Showing posts from December, 2017

Time and Obstinance

I took a walk through life, and came uncomfortably to its conclusion. In a parking lot emptied of its day travelers who packed the foul weather gear in their cars and drove home before the sun had stopped compensating for the cold. I have no car here, no ride home. Just a summit of sorts they say I fell from when I was born, and I wonder what all the trouble was for. Those who make pilgrimages to this place don't know the desolation of death. They come for the scenery, the far away abstracted peace of the destination they mistake for the journey's reward. I see, now, from this distance, all that time and obstinance have denied me. All that I once had, held, let go, and left behind. I lived in expectations, and experience was the road that led to them. But each dissolved with the touch and all I see now is the road, meandering in mystery and disappearing into the dusk.
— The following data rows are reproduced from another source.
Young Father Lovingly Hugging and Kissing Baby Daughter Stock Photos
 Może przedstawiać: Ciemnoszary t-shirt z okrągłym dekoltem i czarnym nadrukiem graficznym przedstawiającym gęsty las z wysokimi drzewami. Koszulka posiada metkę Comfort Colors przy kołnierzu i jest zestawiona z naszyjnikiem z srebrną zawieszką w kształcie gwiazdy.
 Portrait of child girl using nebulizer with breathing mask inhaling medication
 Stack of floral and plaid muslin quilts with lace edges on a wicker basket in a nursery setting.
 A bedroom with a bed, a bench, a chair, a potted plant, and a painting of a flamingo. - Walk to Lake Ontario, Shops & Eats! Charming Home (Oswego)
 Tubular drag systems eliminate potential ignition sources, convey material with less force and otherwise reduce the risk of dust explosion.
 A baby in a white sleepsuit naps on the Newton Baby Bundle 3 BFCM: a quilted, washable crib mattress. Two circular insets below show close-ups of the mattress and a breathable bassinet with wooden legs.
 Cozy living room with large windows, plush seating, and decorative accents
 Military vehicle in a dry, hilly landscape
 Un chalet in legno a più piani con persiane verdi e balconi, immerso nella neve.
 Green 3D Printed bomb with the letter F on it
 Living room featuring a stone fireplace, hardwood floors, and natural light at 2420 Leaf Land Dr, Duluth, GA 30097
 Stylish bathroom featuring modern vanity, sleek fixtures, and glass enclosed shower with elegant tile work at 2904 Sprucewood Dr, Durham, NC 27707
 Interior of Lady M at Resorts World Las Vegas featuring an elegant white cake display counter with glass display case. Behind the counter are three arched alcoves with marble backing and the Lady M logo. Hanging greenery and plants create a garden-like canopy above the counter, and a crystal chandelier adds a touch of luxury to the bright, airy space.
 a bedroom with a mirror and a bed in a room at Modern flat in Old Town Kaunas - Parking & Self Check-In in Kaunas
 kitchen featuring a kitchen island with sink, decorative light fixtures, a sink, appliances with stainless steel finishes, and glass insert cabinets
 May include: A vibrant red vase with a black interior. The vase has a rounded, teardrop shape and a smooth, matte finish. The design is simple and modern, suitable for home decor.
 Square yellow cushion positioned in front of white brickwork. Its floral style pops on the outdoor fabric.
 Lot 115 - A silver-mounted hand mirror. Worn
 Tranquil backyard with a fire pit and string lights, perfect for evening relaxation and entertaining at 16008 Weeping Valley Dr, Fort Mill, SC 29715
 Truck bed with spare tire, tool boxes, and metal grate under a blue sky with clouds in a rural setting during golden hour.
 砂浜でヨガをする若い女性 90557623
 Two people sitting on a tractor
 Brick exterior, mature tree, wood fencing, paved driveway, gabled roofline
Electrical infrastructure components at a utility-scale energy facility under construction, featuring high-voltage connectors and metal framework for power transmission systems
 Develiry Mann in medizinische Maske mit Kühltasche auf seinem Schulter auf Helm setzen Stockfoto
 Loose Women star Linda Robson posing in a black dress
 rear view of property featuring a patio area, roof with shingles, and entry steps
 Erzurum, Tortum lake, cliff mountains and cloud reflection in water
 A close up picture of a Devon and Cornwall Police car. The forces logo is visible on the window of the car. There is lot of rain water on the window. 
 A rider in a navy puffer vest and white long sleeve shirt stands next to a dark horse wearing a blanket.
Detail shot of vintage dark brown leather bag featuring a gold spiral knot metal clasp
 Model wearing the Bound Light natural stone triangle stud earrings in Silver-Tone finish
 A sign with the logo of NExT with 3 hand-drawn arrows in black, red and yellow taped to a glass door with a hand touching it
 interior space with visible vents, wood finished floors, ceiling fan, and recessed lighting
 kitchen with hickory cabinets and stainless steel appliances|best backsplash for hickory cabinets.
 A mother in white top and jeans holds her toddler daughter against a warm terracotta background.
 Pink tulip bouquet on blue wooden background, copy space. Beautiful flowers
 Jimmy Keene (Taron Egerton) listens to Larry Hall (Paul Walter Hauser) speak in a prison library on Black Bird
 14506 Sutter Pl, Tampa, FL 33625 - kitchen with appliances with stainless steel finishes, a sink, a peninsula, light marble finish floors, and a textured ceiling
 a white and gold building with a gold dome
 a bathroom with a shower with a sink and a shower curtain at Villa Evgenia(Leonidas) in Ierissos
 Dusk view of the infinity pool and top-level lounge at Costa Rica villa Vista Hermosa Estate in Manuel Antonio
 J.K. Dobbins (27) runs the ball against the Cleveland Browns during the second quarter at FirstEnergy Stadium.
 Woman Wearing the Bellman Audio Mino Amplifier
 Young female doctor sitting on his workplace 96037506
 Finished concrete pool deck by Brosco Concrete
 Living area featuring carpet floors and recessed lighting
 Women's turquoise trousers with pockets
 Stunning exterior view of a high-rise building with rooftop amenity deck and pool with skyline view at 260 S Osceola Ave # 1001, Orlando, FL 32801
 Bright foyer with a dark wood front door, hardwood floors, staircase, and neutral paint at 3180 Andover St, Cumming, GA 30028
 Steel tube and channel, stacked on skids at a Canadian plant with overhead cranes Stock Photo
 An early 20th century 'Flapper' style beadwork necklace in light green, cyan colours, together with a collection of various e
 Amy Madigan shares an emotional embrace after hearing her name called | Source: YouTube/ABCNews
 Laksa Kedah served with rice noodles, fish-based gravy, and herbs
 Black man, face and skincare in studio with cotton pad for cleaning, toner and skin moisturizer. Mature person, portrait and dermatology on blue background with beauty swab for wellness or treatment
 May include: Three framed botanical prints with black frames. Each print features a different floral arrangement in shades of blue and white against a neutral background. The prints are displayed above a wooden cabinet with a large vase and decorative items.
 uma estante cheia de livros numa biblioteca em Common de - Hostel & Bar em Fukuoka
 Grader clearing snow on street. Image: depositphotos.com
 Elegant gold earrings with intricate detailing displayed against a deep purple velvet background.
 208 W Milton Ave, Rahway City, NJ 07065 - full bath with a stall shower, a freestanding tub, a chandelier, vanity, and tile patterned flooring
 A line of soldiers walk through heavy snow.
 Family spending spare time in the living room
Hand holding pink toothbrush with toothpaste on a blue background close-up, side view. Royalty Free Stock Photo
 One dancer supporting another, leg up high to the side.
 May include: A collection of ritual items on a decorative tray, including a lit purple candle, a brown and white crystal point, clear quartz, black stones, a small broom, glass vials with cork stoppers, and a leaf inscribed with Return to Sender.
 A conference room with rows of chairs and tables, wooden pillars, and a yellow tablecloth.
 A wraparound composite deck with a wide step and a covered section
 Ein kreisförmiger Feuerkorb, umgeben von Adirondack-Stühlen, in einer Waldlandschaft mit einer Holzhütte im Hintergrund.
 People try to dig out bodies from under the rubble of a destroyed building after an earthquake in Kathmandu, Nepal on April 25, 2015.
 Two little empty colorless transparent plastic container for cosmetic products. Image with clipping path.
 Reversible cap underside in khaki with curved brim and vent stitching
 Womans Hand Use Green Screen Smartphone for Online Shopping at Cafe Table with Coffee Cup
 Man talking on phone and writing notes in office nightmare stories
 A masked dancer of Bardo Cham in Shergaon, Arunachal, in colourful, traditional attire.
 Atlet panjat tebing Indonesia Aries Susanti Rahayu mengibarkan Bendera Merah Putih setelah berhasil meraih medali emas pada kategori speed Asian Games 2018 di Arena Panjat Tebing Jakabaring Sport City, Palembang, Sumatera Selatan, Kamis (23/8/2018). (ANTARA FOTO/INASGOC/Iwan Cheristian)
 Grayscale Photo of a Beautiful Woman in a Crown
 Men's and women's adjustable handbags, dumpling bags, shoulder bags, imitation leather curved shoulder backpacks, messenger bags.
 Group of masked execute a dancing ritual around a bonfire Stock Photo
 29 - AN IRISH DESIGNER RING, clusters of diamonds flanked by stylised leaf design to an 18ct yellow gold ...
The Argument and its World

We're all working on our legacy, but, seriously, legacies are overrated. No one would recognize themselves in the caricatures and the biographies which took their places when the memories died with those who knew them. Even the reflections are false, and if our friends were all talented writers able to capture our essence in words, the person each knew would be different from all the others, and none of them would be us. There is no such thing as metempsychosis, the transference of self, the transmigration of the soul, and life after death. The self is as transient and insubstantial as a dream. The soul was conjured in the desolation of a fractured world, divided into the domestic and the natural. The universe and its agents of cause and observation, the gods and the autonomous selves, were all manufactured to appease the wild in us, and make us civilized. God and Self is a circular argument and the wheel of artifice which, with its turning, reduces the universe to someth...

The Ideology of Death

Nature or nurture is a silly argument, and shows just how far down the rabbit hole of reason we've descended. Darwin made death the most essential tool of evolution. The rest was chance, another roll of the dice every time a cell divides. Epidemics and extinctions were the hammer and nail held in reserve for when a screw wouldn't do. We seem to have been made facilitators of the next Big Death by the endowment of our ancestors' inclination to sacrifice themselves to a fiction sustained by their belief. We, and the world, will one day die for the glory of God, Allah, Jesus, the Lizard King, or simply an idea, an ideology, a cleansing truth that rids the world of its pestilent facts, its wearisome reality.

Complexity

We think that civilization has made the world more complex, and that we, as individuals, long for simpler times. Complexity is a word we use in place of drudgery , the labor we are obliged to do, the pointless decisions and ridiculous choices we have to make before we are allowed to rest quietly. And we relax by doing real work, by putting ourselves in a situation of real complexity, where every decision can mean physical discomfort, serious injury, or even death. We make ourselves vulnerable so that our labor and our choices mean something. We go camping. We play video games. We invest our happiness in outcomes ruled by chance. In the daily drudge of daily life, everything we do, for many if not most of us, is entirely artificial, and is made urgent and necessary by artificial forces whose real purpose is to keep us perpetually busy, with little or no time for quiet reflection or conscious attention. The world we've made is anything but complex. It is in fact absurdly simple...

Memory Remembered

Like most futurists, he misses the point*, not of why we're concerned about the future (which is clearly all about legacy and immortality, hubris and paradise) but of why we even have a concept of the future, why we spatialize time as a journey from chaos to perfection, from darkness to brilliance, from void to infinity. Why we aren't happy with the permanent present. Why we are obsessed with oracles, auguries, signs, and mathematical formulas that predict what will come to pass. No one has, or ever will, escape the present without the rest of us, and everything else, waiting there when they arrive. It's as if the universe anticipates every move by every traveler, and beats them to their destination. The future is a fantasy whether anticipated or remembered. It is no more, and no less real than memory. But every animal has memory. My dog knows me, and has cataloged a world richer in smell than any world I could conceive in sight. The difference is that I remember memory...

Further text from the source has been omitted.